__WHAT IS REQUIRED__:
Wherever pictures appear in the listing below, leave them out, and copy exactly, and only, everything from the line with "Vector marquee arrow" down to the line with "Nazca Lines - Peru".

__RECORDS FOR THIS EXERCISE__:
+ + + +
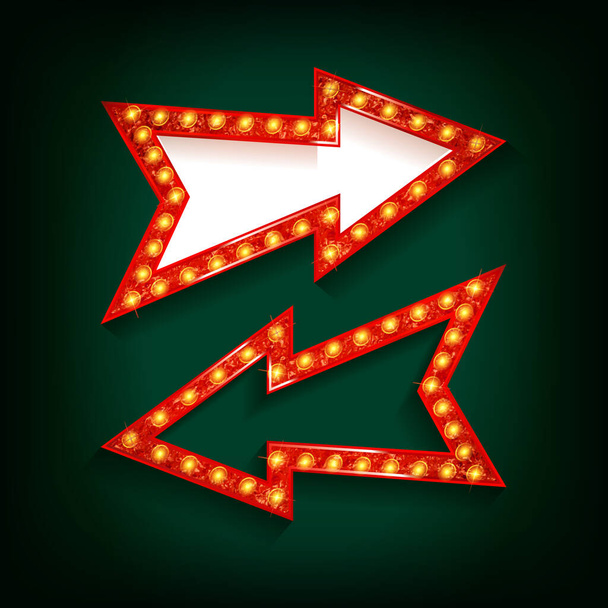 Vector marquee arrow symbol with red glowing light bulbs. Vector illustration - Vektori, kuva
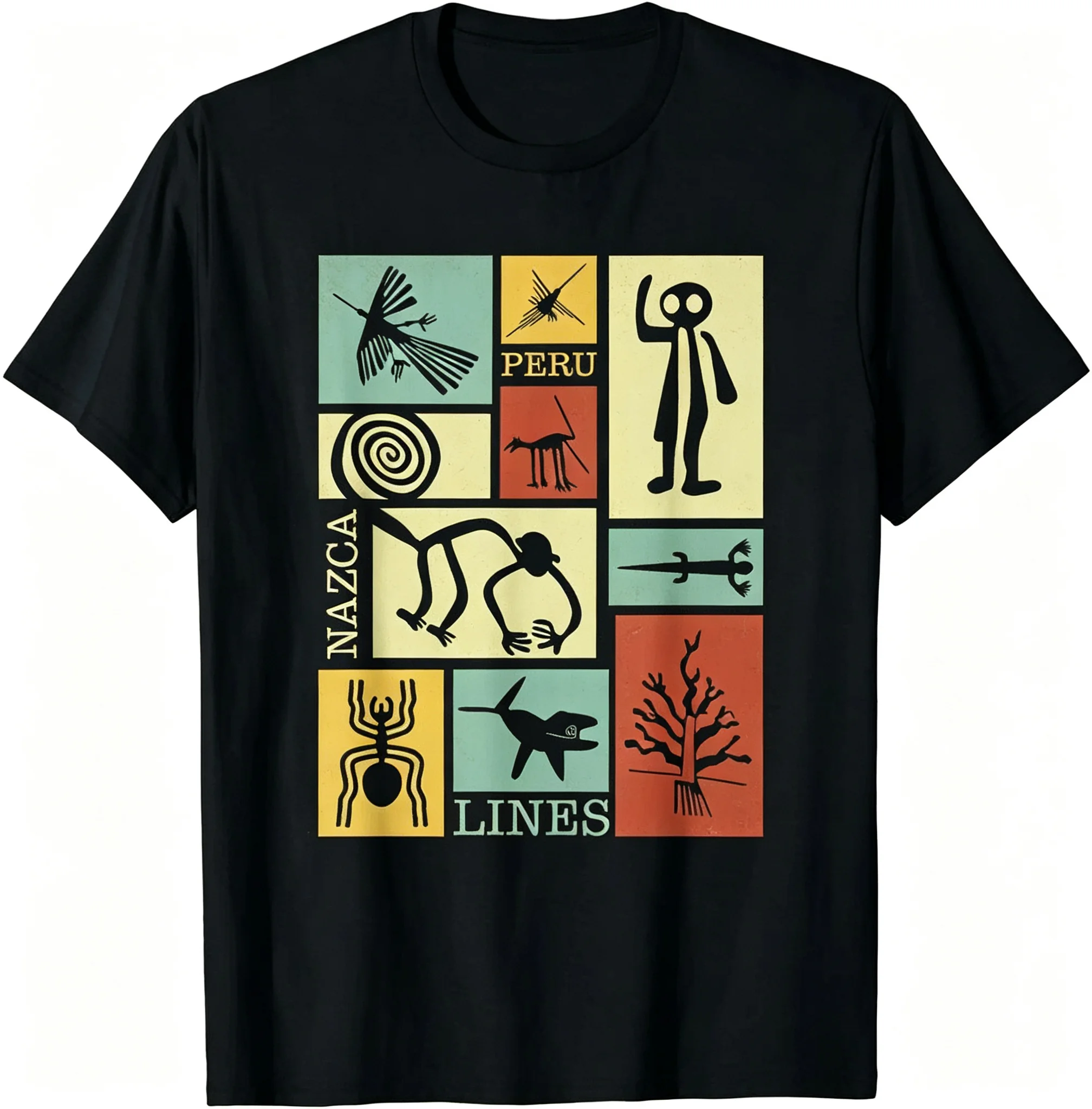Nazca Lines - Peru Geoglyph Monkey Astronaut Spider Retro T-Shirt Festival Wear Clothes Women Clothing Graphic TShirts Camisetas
+ + + +
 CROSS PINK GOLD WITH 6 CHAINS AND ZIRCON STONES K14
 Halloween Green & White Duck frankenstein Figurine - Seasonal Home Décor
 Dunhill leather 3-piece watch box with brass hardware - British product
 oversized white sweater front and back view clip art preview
+ + + +
__REPLY__:
 Vector marquee arrow symbol with red glowing light bulbs. Vector illustration - Vektori, kuva
Nazca Lines - Peru Geoglyph Monkey Astronaut Spider Retro T-Shirt Festival Wear Clothes Women Clothing Graphic TShirts Camisetas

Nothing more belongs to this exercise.